***** DATA SECTION *****

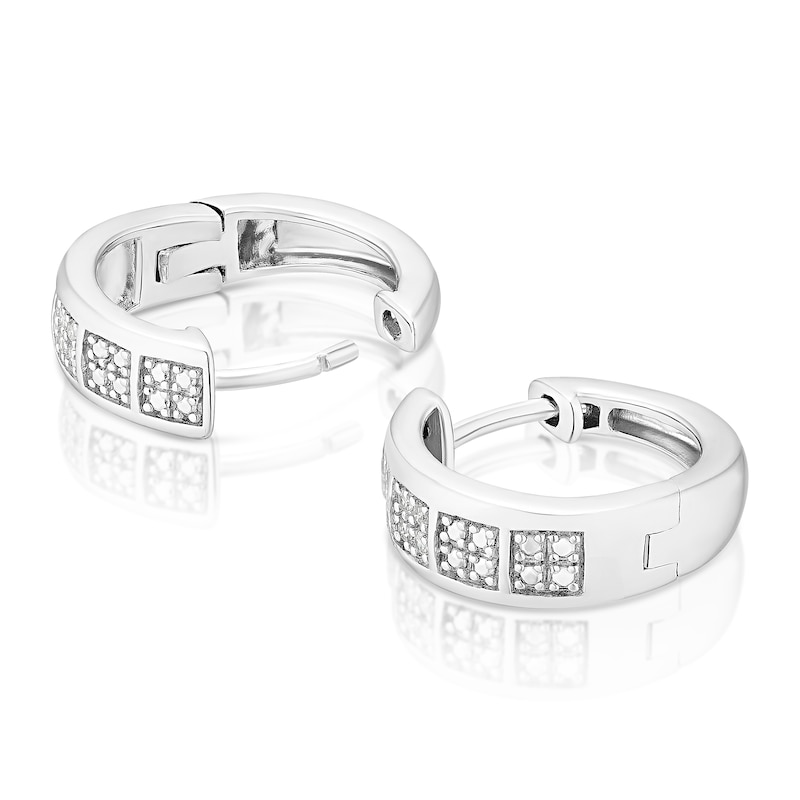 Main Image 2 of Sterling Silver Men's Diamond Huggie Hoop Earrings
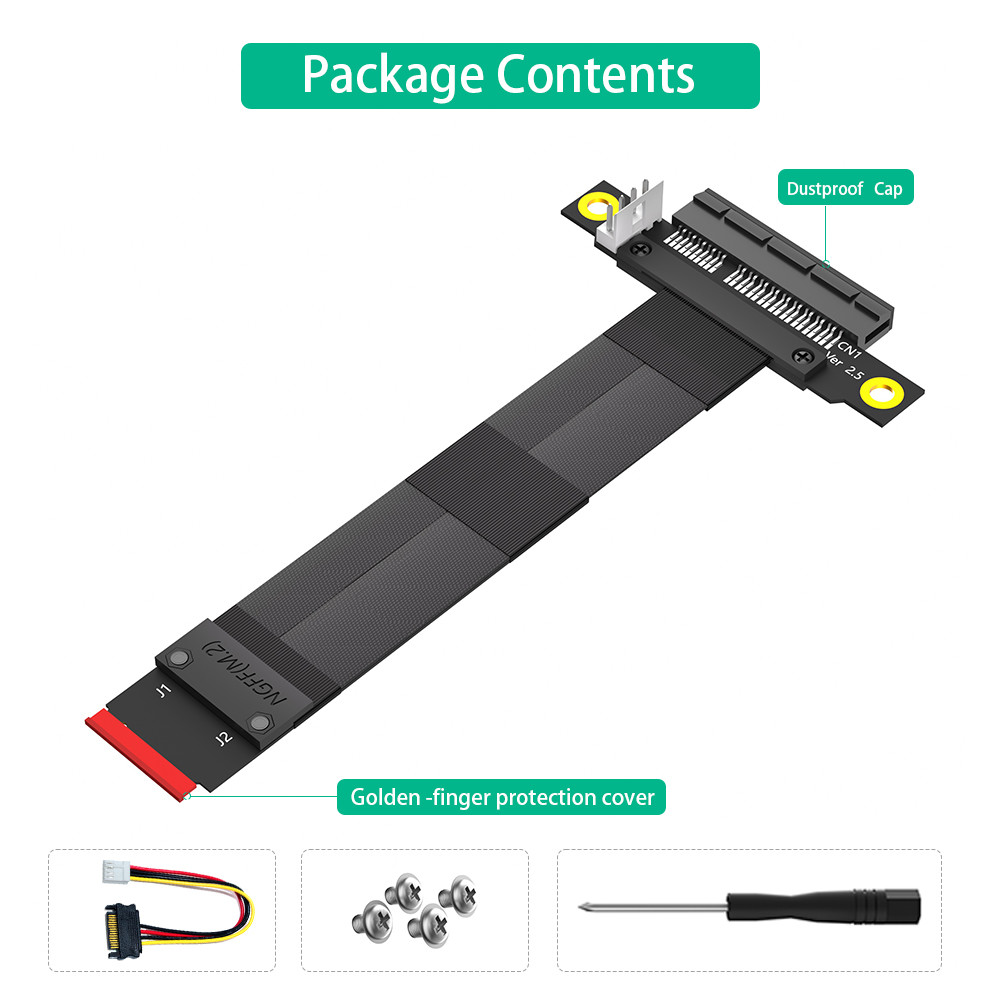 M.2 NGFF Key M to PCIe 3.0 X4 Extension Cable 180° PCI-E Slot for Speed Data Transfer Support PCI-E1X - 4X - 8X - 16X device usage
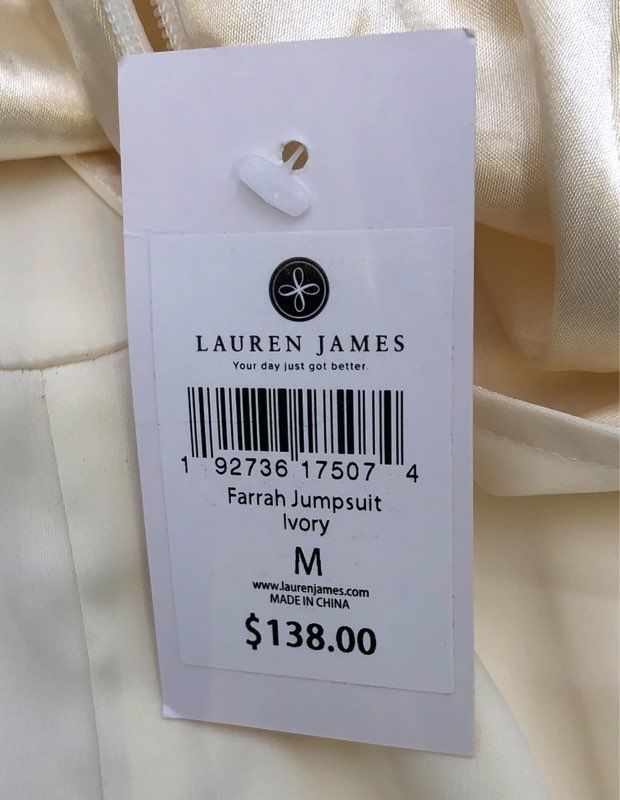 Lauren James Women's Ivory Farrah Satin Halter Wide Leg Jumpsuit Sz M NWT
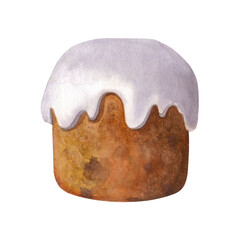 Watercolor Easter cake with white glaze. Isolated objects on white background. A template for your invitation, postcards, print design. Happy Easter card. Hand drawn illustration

*****

All of the material above goes into the copy exactly as is; the pictures do not.

**WRITTEN SOLUTION**
 Main Image 2 of Sterling Silver Men's Diamond Huggie Hoop Earrings
 M.2 NGFF Key M to PCIe 3.0 X4 Extension Cable 180° PCI-E Slot for Speed Data Transfer Support PCI-E1X - 4X - 8X - 16X device usage
 Lauren James Women's Ivory Farrah Satin Halter Wide Leg Jumpsuit Sz M NWT
 Watercolor Easter cake with white glaze. Isolated objects on white background. A template for your invitation, postcards, print design. Happy Easter card. Hand drawn illustration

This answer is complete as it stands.